Sunset Overdrive n'est pas parfait pour autant. C'est un jeu fondamentalement déficient, qui préfèrera assumer ses propres lacunes plutôt que de chercher à les résoudre. Malgré toute la meilleure volonté du monde, ce n'est donc pas un titre qui s'adressera à tout le monde. Mais putain de bordel à couille, si vous avez encore 15 ans dans votre tête et que vous ne prenez pas un pied monstrueux en y jouant, je ne peux plus rien pour vous. Certes, le jeu a tendance à nous saturer d'informations au tout début, mais une fois un petit temps d'adaptation passé (principalement dû à des modes déplacements peu orthodoxes), quel plaisir de glisser, grinder, rebondir à travers la ville ! C'est limite si toucher le sol n'est pas un échec en soi. Si on y ajoute le cocktail d'armes invraisemblables (toutes droit tirées d'un épisode de Ratchet & Clank manifestement), le million et demi de références parsemées un peu partout (et bien mis en valeur par une excellente VF, qui pour une fois joue le jeu jusqu'au bout), la direction artistique haute en couleur (bien meilleure que l'orientation plus sérieuse que laissaient présager les premiers trailers), les ennemis à tous les coins de rue pour qui veut se la jouer bourrin, et ces grattes omniprésentes qui assaisonnent nos oreilles à chaque virée à travers Sunset City, le facteur plaisir coupable crève le plafond.
Comme quoi les choses les plus simplistes sont souvent les plus jouissives dans la vie.

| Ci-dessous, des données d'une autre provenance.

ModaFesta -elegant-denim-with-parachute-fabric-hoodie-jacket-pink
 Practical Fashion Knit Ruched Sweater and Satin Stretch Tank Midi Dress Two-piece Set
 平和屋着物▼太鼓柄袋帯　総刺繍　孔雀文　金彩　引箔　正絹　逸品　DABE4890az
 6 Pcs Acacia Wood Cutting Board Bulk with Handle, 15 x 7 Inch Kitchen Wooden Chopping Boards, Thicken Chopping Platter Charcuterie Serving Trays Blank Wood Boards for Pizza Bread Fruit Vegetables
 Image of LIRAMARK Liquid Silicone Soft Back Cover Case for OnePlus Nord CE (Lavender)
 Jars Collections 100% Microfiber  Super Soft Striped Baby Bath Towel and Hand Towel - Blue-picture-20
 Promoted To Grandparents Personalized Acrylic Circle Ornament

Godzilla qui défonce un immeuble. Un gamin qui se prend une Rickenbacker dans la gueule de la part d'une adolescente en Vespa. Écraser des tubes de dentifrice avec un rouleur compresseur. Tagger un rhinocéros posté sur un vinyle géant flottant au-dessus d'un immeuble. Jeter un ours en peluche plein d'acide à la gueule de chimères oranges pendant que l'on rebondit sur un parasol et qu'une ligne de basse bien grasse sature l'environnement sonore. Ce jeu est un pur concentré d'adolescence : expérimentation et connerie(s) à tous les étages. Bon sang ce que ça peut faire comme bien.